> [What you have to do] Below are several entries. Transcribe exactly those lines that fall from the one with "Jumbo Jelly Thai Beads Black" through the one with "Isometric vector keyboards", end lines included.

> [Task inputs]
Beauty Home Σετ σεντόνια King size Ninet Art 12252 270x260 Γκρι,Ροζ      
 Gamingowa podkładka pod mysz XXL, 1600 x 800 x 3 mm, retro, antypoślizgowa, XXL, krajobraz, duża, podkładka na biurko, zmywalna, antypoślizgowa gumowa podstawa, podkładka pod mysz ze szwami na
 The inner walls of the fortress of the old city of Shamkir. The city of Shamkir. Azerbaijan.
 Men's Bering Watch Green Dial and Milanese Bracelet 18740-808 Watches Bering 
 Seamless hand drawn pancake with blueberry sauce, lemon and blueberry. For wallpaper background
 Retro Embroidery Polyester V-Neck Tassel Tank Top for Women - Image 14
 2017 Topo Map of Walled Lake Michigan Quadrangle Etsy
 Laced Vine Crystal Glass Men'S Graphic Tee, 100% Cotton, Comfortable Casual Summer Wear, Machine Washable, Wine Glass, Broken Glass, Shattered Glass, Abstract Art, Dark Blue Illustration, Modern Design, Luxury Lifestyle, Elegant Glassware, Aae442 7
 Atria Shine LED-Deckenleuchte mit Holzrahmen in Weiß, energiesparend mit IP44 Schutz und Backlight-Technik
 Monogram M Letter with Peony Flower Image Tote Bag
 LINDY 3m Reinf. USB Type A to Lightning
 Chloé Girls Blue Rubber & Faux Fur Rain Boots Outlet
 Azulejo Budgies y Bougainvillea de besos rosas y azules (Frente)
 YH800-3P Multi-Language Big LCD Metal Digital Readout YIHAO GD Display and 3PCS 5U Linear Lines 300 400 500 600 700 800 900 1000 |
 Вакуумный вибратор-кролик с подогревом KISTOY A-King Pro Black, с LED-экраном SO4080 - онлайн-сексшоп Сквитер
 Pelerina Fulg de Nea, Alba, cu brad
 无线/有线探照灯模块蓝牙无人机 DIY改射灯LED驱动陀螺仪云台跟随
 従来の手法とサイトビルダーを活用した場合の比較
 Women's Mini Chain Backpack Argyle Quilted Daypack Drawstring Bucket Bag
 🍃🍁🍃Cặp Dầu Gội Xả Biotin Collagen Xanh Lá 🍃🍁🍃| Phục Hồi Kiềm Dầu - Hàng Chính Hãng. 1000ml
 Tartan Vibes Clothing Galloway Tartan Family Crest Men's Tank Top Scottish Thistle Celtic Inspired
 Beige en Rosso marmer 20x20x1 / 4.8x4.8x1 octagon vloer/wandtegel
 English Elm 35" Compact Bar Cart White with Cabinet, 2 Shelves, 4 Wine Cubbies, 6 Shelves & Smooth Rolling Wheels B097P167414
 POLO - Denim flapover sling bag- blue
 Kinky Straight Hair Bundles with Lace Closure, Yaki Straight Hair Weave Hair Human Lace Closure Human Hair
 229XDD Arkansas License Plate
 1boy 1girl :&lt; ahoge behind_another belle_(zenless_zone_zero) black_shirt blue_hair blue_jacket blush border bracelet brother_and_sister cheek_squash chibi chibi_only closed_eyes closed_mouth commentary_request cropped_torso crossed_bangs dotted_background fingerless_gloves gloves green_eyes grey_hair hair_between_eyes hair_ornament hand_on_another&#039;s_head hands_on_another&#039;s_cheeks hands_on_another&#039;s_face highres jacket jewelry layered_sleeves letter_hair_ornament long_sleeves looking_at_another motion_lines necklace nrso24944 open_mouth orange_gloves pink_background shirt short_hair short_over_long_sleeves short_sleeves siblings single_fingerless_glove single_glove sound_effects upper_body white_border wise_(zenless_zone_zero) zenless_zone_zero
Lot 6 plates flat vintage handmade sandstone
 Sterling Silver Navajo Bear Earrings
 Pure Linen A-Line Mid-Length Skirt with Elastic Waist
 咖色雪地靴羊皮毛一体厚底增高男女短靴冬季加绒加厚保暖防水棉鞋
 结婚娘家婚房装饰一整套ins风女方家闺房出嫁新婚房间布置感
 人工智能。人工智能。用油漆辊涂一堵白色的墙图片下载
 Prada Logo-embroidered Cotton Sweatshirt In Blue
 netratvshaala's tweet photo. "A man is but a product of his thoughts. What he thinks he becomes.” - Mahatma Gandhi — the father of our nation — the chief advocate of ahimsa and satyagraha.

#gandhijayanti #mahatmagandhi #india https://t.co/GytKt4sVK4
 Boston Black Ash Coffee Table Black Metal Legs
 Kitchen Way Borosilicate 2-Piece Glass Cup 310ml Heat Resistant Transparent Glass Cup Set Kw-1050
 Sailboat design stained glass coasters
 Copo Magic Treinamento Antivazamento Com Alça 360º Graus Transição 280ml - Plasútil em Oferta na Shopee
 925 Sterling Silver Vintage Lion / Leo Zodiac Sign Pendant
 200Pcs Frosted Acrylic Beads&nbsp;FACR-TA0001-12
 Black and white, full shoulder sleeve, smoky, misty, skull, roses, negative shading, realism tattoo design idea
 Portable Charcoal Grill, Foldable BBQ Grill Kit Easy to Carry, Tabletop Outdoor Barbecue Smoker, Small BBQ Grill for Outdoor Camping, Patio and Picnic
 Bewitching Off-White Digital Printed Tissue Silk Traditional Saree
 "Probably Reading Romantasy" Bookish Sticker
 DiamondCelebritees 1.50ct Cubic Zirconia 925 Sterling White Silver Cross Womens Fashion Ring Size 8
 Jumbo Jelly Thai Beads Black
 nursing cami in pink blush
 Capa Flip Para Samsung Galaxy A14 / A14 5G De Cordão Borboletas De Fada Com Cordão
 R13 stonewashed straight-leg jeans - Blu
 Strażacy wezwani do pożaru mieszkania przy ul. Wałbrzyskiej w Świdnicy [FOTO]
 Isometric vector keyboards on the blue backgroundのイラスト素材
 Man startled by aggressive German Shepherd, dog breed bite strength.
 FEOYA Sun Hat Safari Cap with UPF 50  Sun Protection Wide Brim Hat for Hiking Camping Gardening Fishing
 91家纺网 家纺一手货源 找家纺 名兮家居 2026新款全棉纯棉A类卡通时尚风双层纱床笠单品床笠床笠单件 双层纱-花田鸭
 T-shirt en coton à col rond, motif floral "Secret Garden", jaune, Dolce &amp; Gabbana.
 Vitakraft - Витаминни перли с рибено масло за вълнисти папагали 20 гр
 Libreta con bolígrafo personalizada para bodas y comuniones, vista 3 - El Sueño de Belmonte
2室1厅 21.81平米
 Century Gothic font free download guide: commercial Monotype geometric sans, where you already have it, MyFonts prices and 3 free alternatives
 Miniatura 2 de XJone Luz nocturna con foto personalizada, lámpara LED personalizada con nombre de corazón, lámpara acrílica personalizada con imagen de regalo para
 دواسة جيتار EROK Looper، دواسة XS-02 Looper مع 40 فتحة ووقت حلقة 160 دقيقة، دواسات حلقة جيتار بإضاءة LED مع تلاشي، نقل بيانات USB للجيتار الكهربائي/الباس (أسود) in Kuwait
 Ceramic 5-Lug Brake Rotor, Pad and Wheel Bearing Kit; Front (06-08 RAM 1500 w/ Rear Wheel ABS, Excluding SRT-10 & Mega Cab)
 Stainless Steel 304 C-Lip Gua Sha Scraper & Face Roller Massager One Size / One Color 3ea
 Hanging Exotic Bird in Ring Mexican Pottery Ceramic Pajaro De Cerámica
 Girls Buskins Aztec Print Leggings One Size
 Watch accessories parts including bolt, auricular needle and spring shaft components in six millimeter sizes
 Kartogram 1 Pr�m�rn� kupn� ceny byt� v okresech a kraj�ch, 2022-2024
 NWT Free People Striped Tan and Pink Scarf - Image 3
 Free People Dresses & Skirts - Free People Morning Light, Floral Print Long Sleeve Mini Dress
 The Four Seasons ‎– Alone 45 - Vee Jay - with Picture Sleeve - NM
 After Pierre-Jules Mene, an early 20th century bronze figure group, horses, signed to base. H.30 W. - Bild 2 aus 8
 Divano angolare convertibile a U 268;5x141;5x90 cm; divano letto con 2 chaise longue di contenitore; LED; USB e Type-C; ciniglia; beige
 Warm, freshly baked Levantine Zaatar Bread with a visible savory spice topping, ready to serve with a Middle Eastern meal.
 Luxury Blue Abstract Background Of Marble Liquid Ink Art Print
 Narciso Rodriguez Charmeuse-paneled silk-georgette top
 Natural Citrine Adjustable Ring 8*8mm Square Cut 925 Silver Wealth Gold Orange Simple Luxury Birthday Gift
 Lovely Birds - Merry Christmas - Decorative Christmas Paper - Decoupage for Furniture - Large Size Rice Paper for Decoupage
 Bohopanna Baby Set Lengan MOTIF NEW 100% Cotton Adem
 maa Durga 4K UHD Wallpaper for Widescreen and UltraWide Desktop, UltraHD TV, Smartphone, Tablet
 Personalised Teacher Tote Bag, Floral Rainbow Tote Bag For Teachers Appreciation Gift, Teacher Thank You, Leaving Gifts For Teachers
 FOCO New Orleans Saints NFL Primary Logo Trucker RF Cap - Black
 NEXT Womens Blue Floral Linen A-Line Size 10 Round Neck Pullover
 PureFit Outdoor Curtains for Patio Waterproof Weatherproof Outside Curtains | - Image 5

> [Answer box]
 Jumbo Jelly Thai Beads Black
 nursing cami in pink blush
 Capa Flip Para Samsung Galaxy A14 / A14 5G De Cordão Borboletas De Fada Com Cordão
 R13 stonewashed straight-leg jeans - Blu
 Strażacy wezwani do pożaru mieszkania przy ul. Wałbrzyskiej w Świdnicy [FOTO]
 Isometric vector keyboards on the blue backgroundのイラスト素材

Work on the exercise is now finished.